The data that I have been presented with shows me a small but consistent rise over the past decade ( with the exception of November) and an inventory where our supply just meets the demand. It never seems to follow the other precious metals trends. Maybe because I just see two numbers and a decimal point and not hundreds or thousands. I often wonder what would the market be like if digital photography hadn't been developed.
Could someone tell me why silver appears to never really have taken off?


----------



## patnor1011 (Jan 22, 2012)

It is because of price manipulation.


----------



## Geo (Jan 22, 2012)

actually, silver tends to be a better investment because it doesn't see the dramatic ups and downs as, lets say gold, does. and too the profit margins are much higher for silver than it is for gold.silver trades are solid because the market value tends to increase steadily giving investors time to recoup investments made in other markets that arent doing so well. i can remember selling sterling for $4 and ounce thinking that was a high value, about twenty years ago.if i had kept what i sold back then, my $2,000 would now be worth about $16,000.


----------



## element47 (Jan 23, 2012)

Without saying THEY'RE WRONG and I'M RIGHT I disagree with both prior posts. I've been collecting silver since 1965 and buying it in earnest since 2001. I am NOT buying much at these levels, but, since the hundreds of pounds of it it I own at about $13 and thus I have massive price protection, I am rarely hesitant about buying small lots as the opportunity arises. 
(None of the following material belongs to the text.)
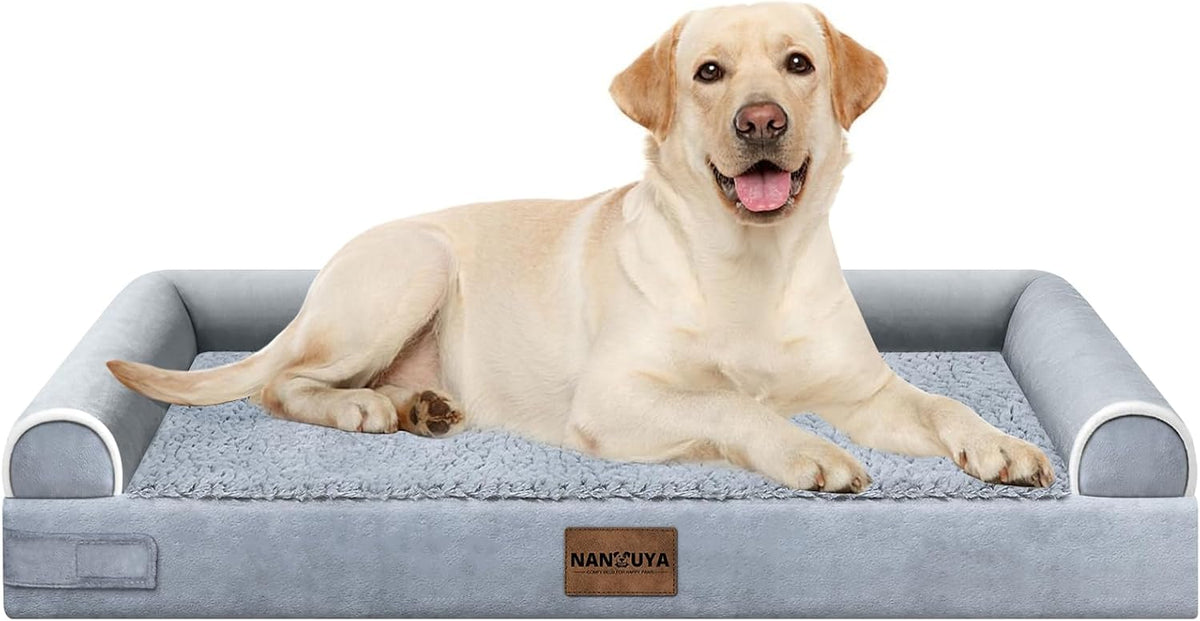 NANUYA Orthopedic Dog Bed for Large Dogs, 38 x 25 Inch, Light Grey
Silver is an *industrial* metal. As a commodity, it is second only to crude oil in the number of uses it has. It is NOT a monetary metal but many people WANT it to be so or believe it SHOULD be so and you or I can have an opinion either way on this but for the moment, the true truth is that it is NOT, at present, a monetary metal as is (sort of) gold. As an industrial metal, and furthermore considering the fact that virtually all silver is mined alongside, eg; as a co-product with zinc and copper, it is more aligned with the market stance of industrial metals. Witness the current pricing of Pt, which is highly correlated to auto production as in cat converters. It is very, very rare to see the price of Pt below that of gold. Pt is far more rare than gold, perhaps 10x as rare, and far more irritating to extract than gold. So...why is it cheaper than gold...~~$150 (current spread) is about the widest I can recall, btw.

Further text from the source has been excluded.